_DATA RECORDS_:
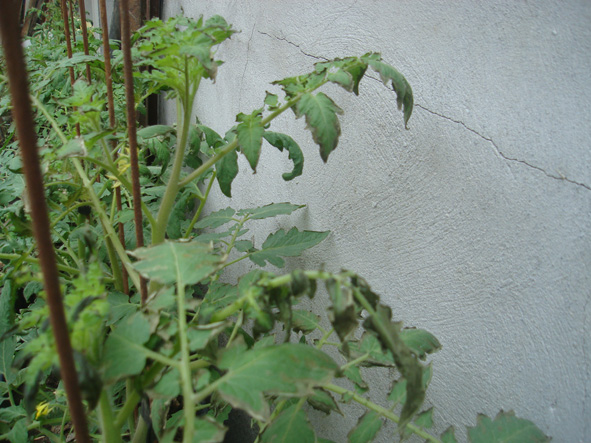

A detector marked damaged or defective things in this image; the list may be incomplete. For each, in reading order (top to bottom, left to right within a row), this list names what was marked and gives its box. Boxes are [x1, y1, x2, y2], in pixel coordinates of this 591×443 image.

rusty metal rod [0, 3, 90, 443]
rusty metal rod [100, 0, 129, 294]
rusty metal rod [119, 0, 147, 304]
crack in wall [258, 30, 328, 61]
crack in wall [416, 106, 591, 193]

_TO DO_: Every record above should come back exactly, but without its pictures.

_YOUR SOLUTION_:
A detector marked damaged or defective things in this image; the list may be incomplete. For each, in reading order (top to bottom, left to right within a row), this list names what was marked and gives its box. Boxes are [x1, y1, x2, y2], in pixel coordinates of this 591×443 image.

rusty metal rod [0, 3, 90, 443]
rusty metal rod [100, 0, 129, 294]
rusty metal rod [119, 0, 147, 304]
crack in wall [258, 30, 328, 61]
crack in wall [416, 106, 591, 193]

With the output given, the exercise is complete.